_Task instructions_. Below are records; reproduce exactly the lines from the one that has "Property Photo: 682" through the one that has "Villa ou maison", ends included, and nothing more.

_Source information_.
= Beginning of Section =

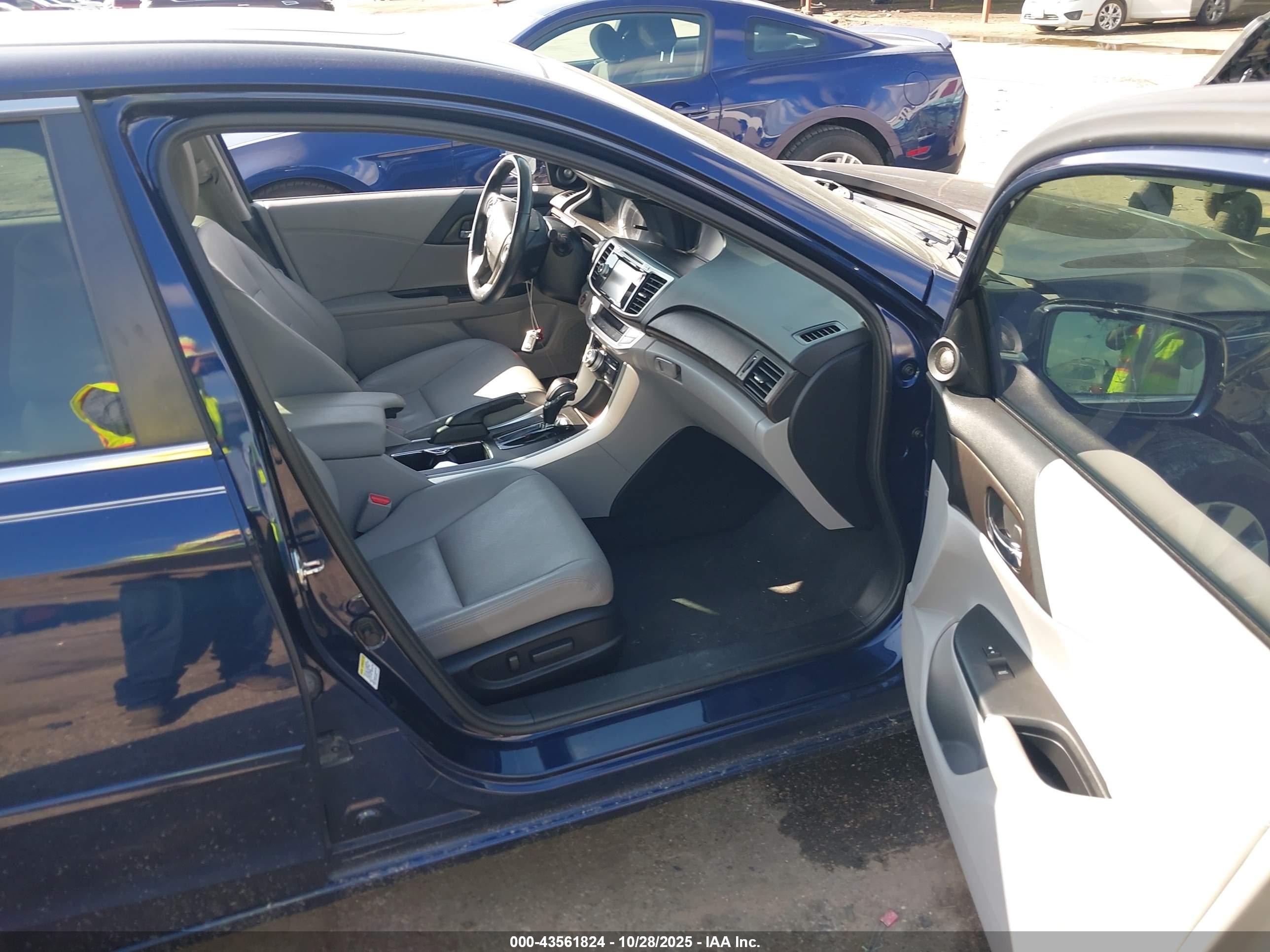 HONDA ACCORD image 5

= End of Section =
= Beginning of Section =

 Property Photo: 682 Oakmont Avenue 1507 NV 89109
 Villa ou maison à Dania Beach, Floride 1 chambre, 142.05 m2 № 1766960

= End of Section =

_Answer to this task_.
 Property Photo: 682 Oakmont Avenue 1507 NV 89109
 Villa ou maison à Dania Beach, Floride 1 chambre, 142.05 m2 № 1766960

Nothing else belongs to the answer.